As with most behavioral changes in teenagers, there’s a good chance that his are driven by emotions. The way he acts out may not reflect these emotions directly, though. What appears to be anger may, in fact, be a reaction to feelings of rejection, disempowerment, or hopelessness — all of which can stem from an injured sense of self-esteem. We all know how difficult it can be to bolster our self-esteem, and that it’s even more difficult as a teenager. Low self-esteem and feelings of worthlessness can result in self-neglect. From this vantage point, it’s easy to see that the lack of personal hygiene, the neglected schoolwork, and the angry outbursts are really indicators of other issues. When humans suffer from low self-esteem, we often find ourselves more inclined to be defensive — to protect ourselves when we feel vulnerable.
While an injured sense of self-esteem is common among teens and young adults, there are other issues that may be at the root of the problem. Think about some of the recent difficult interactions you’ve had with your teenage child. Underneath those outlandish behaviors, what do you think he’s desperately trying to communicate? How do you think he sees himself? How do you think he sees your relationship?

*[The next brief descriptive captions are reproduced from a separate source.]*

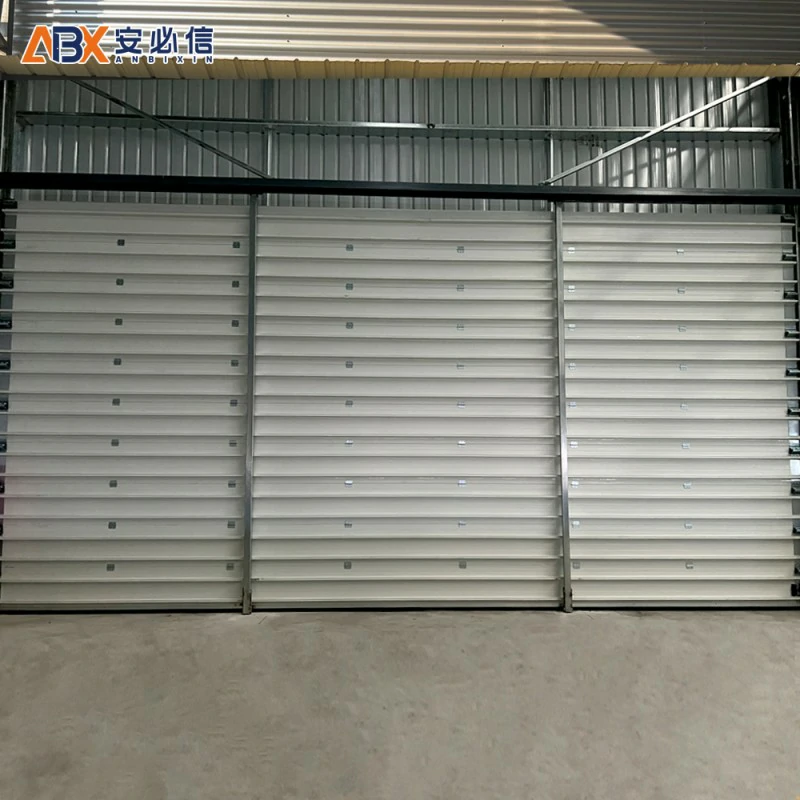 阿拉善快速提升门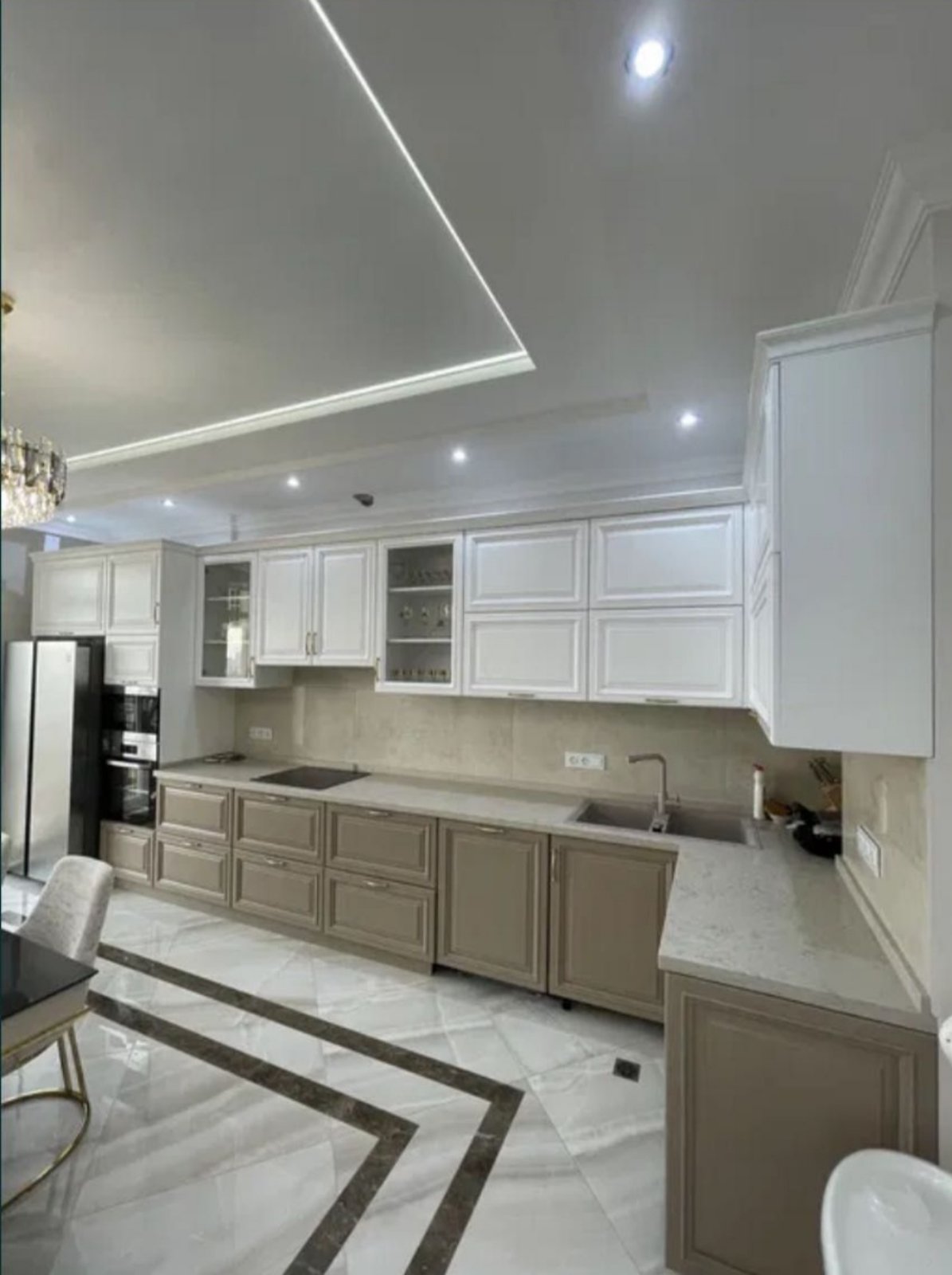 Квартира на Французькому бульварі вул.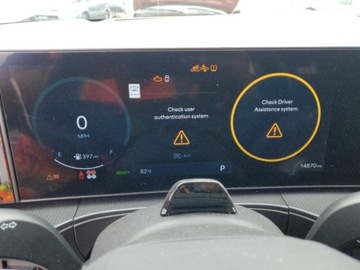 Hyundai Santa Fe V 2024 Hyundai Santa Fe 2024 HYUNDAI SANTA FE CALLIGRAPHY 1.6 Hybryda 226KM, zdjęcie 7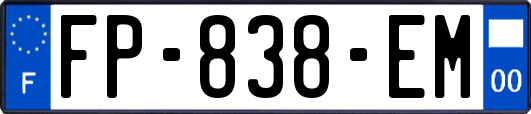 FP-838-EM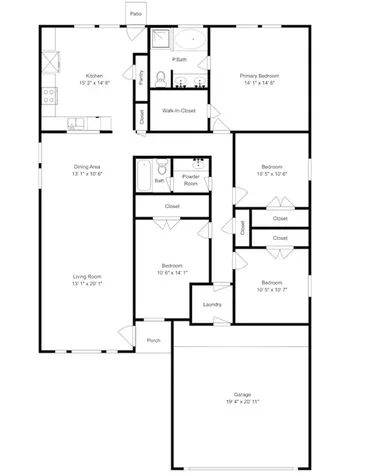 3719 Iris Ridge Way Fresno TX 77545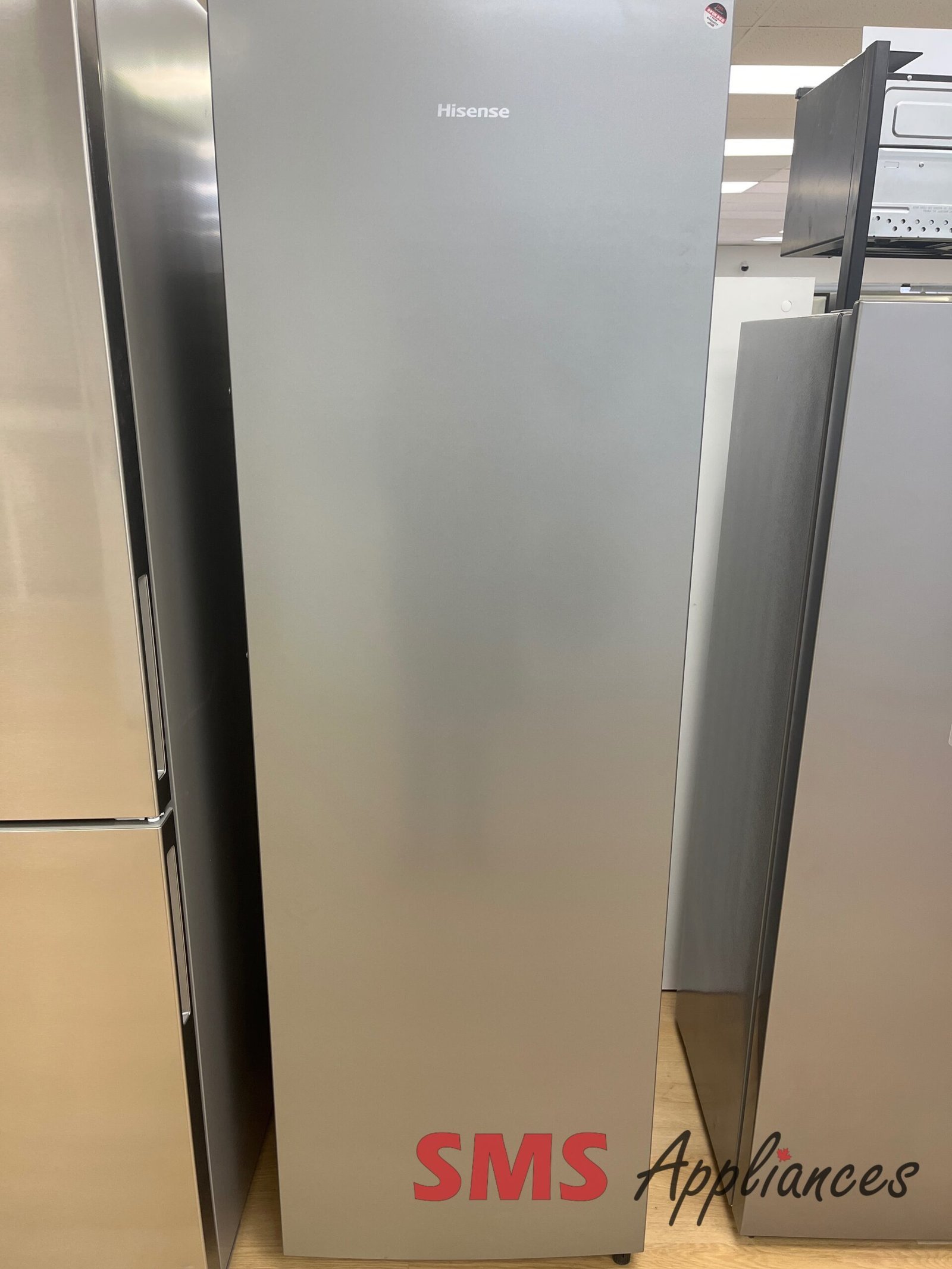 Open Box Freezers HFU101N1AVE Hisense - Image 1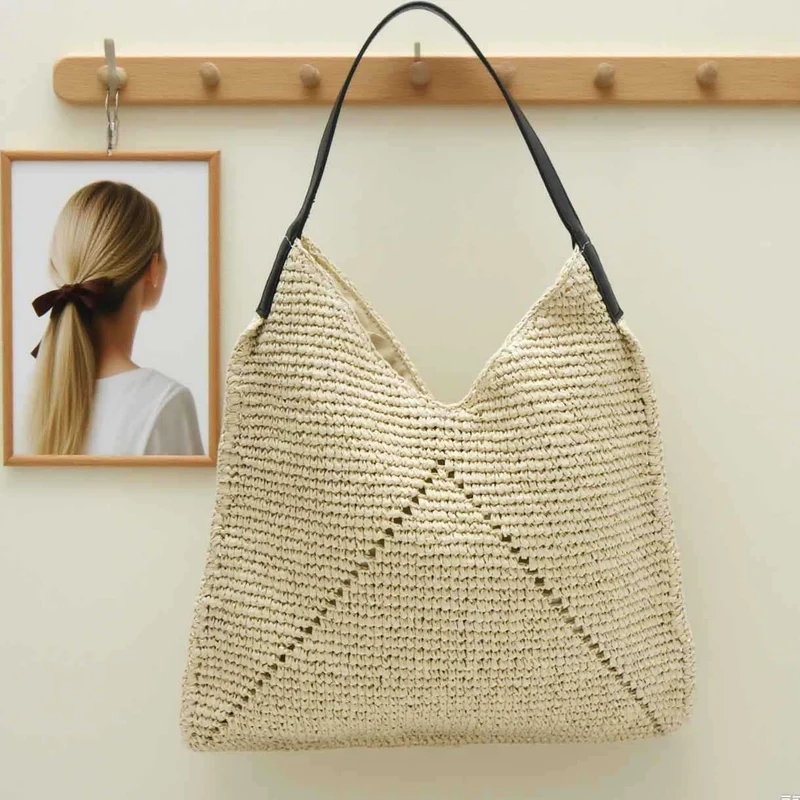 Handgeknüpfte Schultertasche Skanto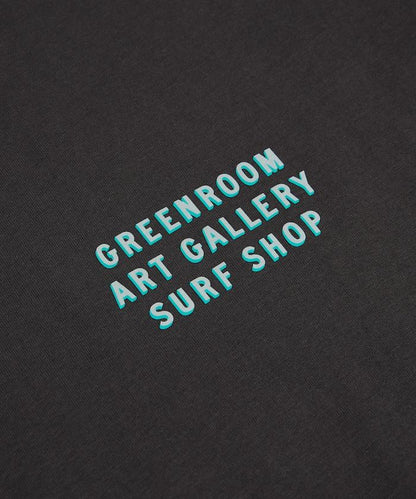 GREENROOM GALLERY × FREAK'S STORE 聯名 Matthew Allen 短袖T恤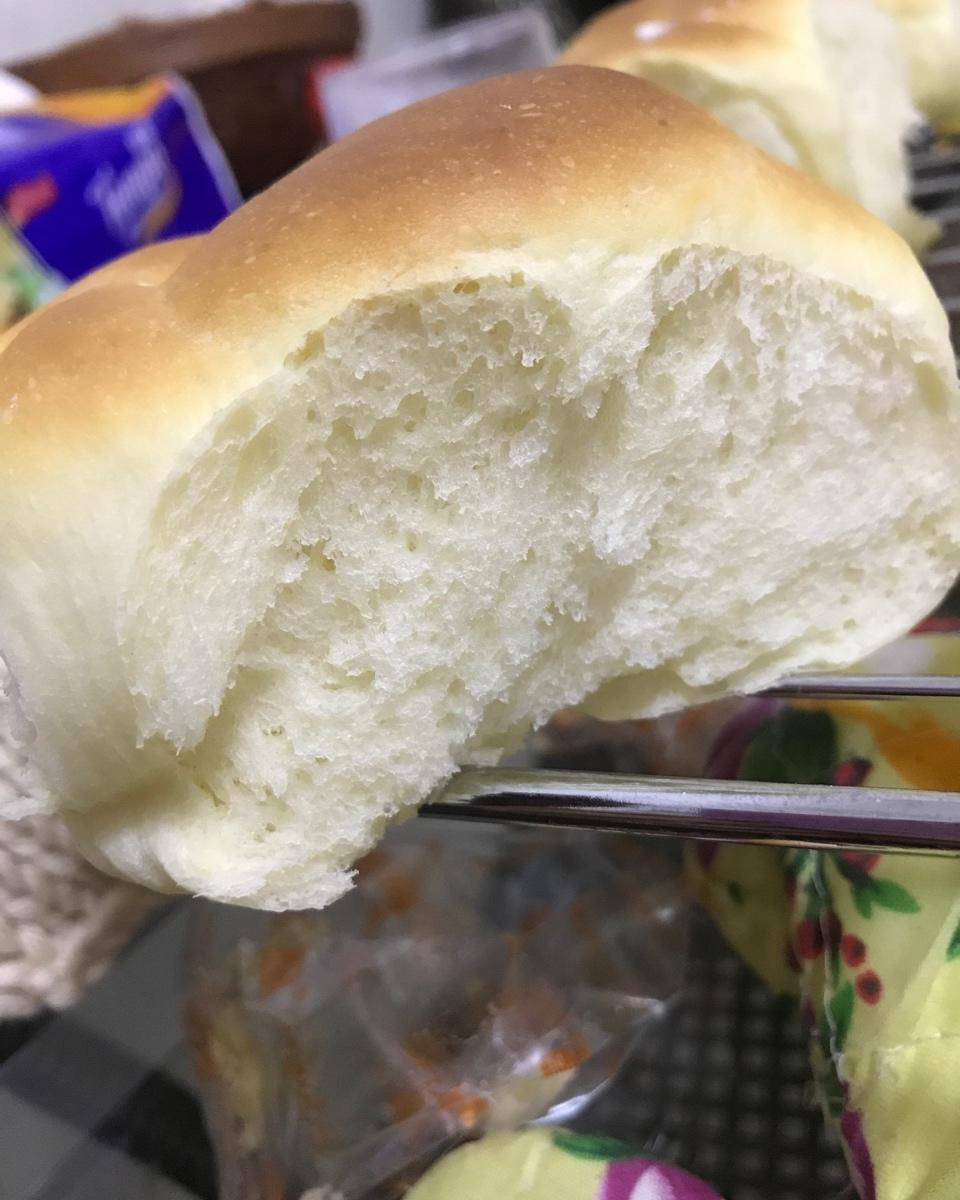 老面包，改良版，更柔软！更香浓！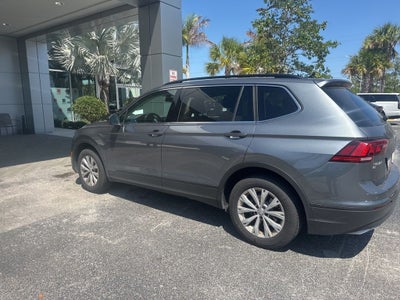 2019 Volkswagen Tiguan 4Motion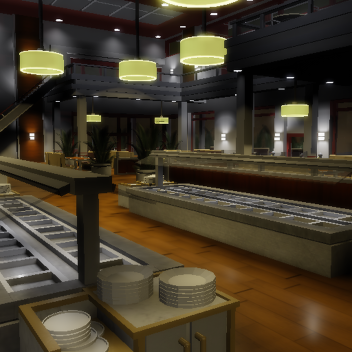Concept Art: Restaurant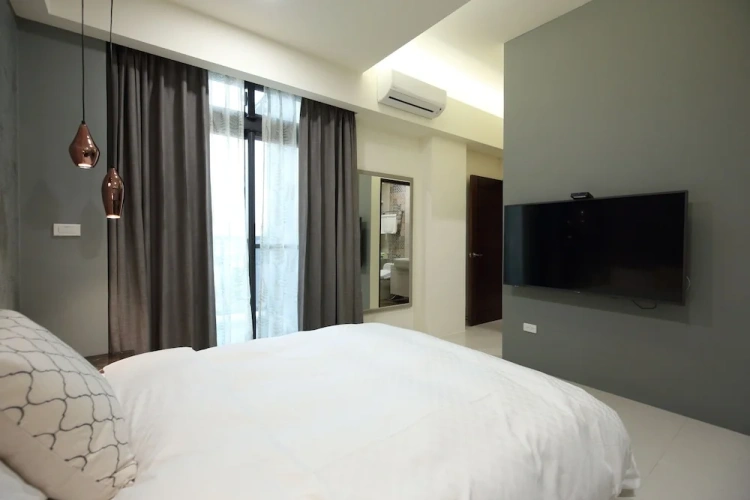Comfort Double room with mountain view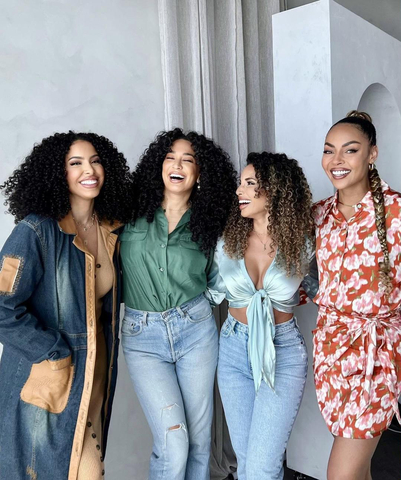 The first-ever CurlyCon LA, taking place November 4th, 2023 at the Rolling Greens Arts District, is a groundbreaking celebration of natural beauty, culture, and community. (Photo: Business Wire)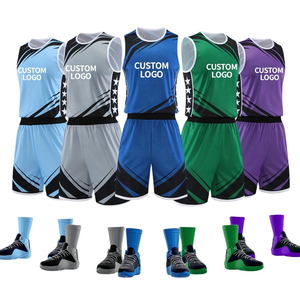 Camiseta de Baloncesto de Alta Calidad al Último Precio, Talla Grande, Uniformes de Baloncesto Coloridos, Camiseta de Baloncesto sin Mangas Personalizada de HASH - Product Image 2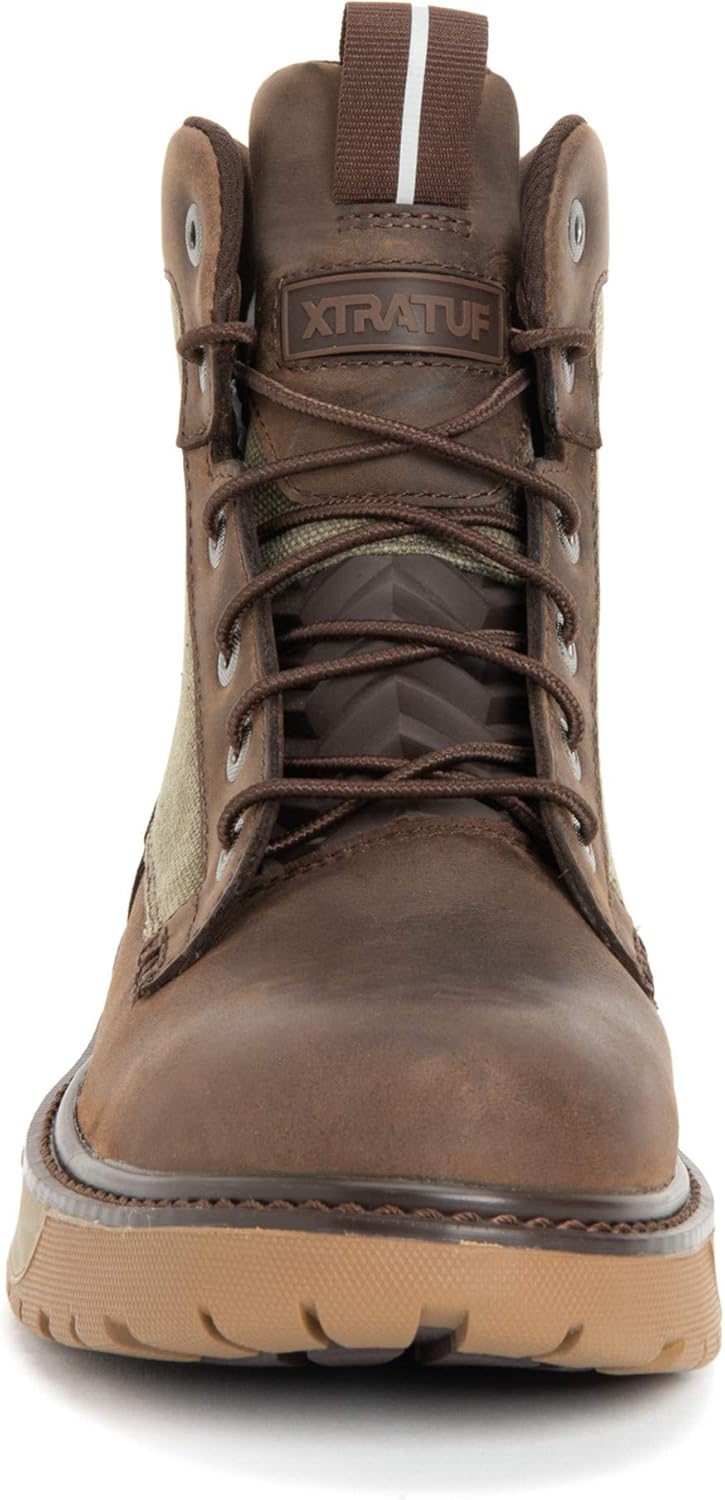 Xtratuf Bristol Bay - Men’S Brown/Green : Everything Else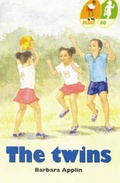 Cover: Ready Go:The Twins - Macmillan Caribbean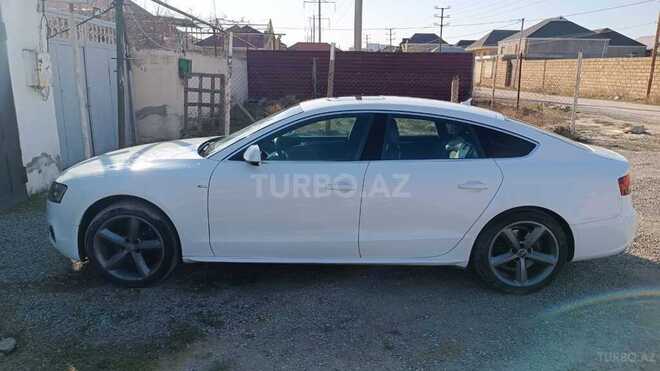 Audi A5 Sportback 2010, 290,000 km - 2.0 l - Bakı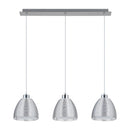 Lampara Colgante Sica 3 Luces Metal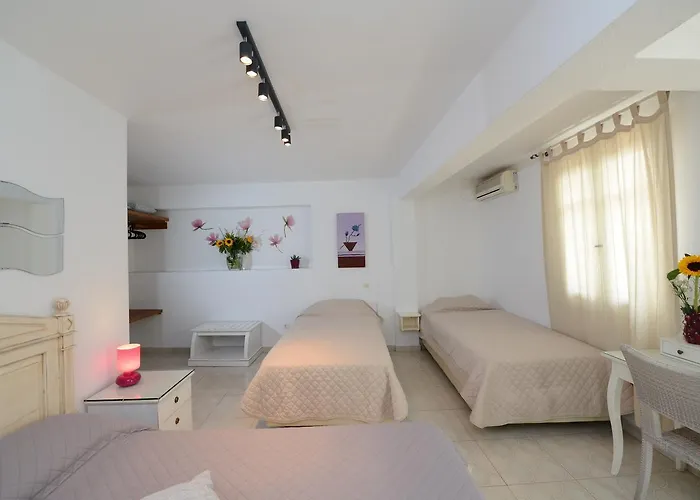 Fraskoula's Gasthof Agios Stefanos (Mykonos)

How do I know if my teenager isn’t just “being a teenager”?
Adolescence is a volatile time for everyone. Everyone has stories about heartbreak, mood swings, experimenting with risky behaviors, or arguing with parents. That said, there’s a difference between watching your teenager become emotional and worrying that his behavior may threaten his future. As a parent, you innately feel when something is “off.” If your teenager consistently acts in a way that hurts himself or others, you should take that feeling seriously. While adolescence is a time of self-exploration, boundary testing, and emotional roller-coasters, it is also a time to begin the transition into adulthood. Ask yourself if your teenage child’s behaviors are taking him toward or away from healthy independence.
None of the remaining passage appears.